Incident Response Process Flow The incident response process flow section is where the feet hit the pavement. This section concerns itself with what to do when an incident has been identified and classified . This section is where you document what to do for the incident the policy addresses. For example, if the policy addresses a compromise of your external firewall, this section should detail the steps to be followed in addressing the incident, including stating whether it is acceptable to disconnect the firewall from the network, thus terminating all Internet connectivity, or whether the firewall must be kept operational while the incident is being addressed. In addition to defining whether business continuity must be maintained , this section should also define what is required to restore business continuity after an incident. For example, your policy may dictate that before a compromised system can be brought back online and put into operation, it must be completely scrubbed and rebuilt from scratch.
A formal incident response process flow system will be discussed in more detail in the Handling Incidents section later in this chapter.
Communications The communications section is where you document who to contact regarding an incident and how to contact them. The communications section should also detail the escalation path to be used for the incident so that the appropriate people can be notified at the appropriate time.
Reporting The reporting section is where you document the kind of data that will be collected, how the data will be reported, and who the data will be reported to. This section is also where you define how much information will be released to the customers/partners/general public and who is responsible for doing so.
Definitions The definitions section is where you define any terms or concepts you used in the incident response policy to ensure that everyone understands what was meant . You should also use this section to clarify any acronyms used in the policy.

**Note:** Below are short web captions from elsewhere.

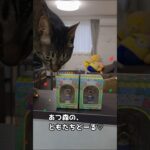 【あつ森】ともだちどーる♡
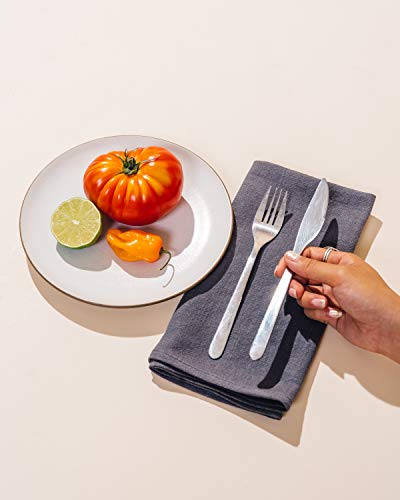 Caldo Linen Dinner Napkins - Soft and Durable Cloth - 4 Pack - 20x20 inch (Slate)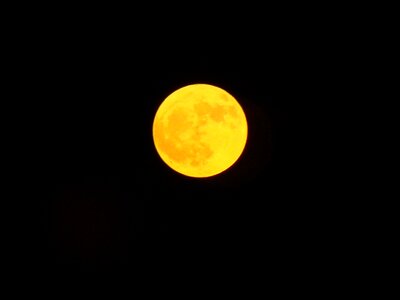 Amber moon harvest moon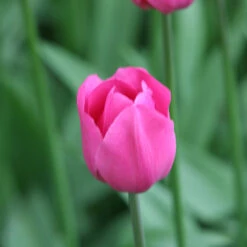 Pretty In Pink Tulip Collection -Plants Shop 38314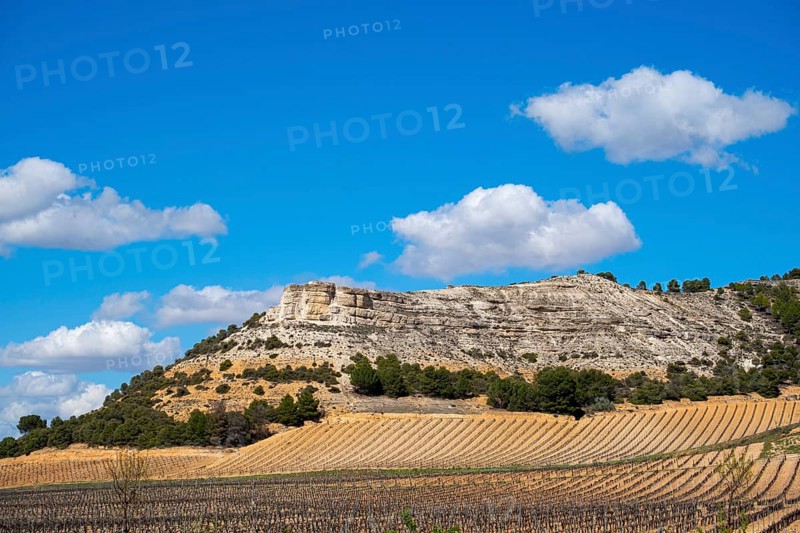 Wine landscape in the Ribera del Duero appellation of origin area in the province of Valladolid in Spain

Revision History The revision history section is where you track all updates and changes made to the incident response policy. You need to document not only the current date and version of the incident response policy, but also a brief explanation of the changes made to the incident response policy and who made those changes.
The last step of planning for incident response is to practice for an incident to occur. The reason for this is simple: If you have undertaken the hardening steps in this book, the likelihood of you having an incident is going to be greatly reduced. If you don t periodically review what needs to be done in the event of an incident, you just might be caught with your proverbial pants down. In addition, the more you practice, the more natural it will be to react to an incident. Incident response will become second nature, and instead of spending time thinking about what you need to do in the middle of an incident, you will find yourself falling back on your practice and simply doing what needs to be done without spending a lot of time thinking about it.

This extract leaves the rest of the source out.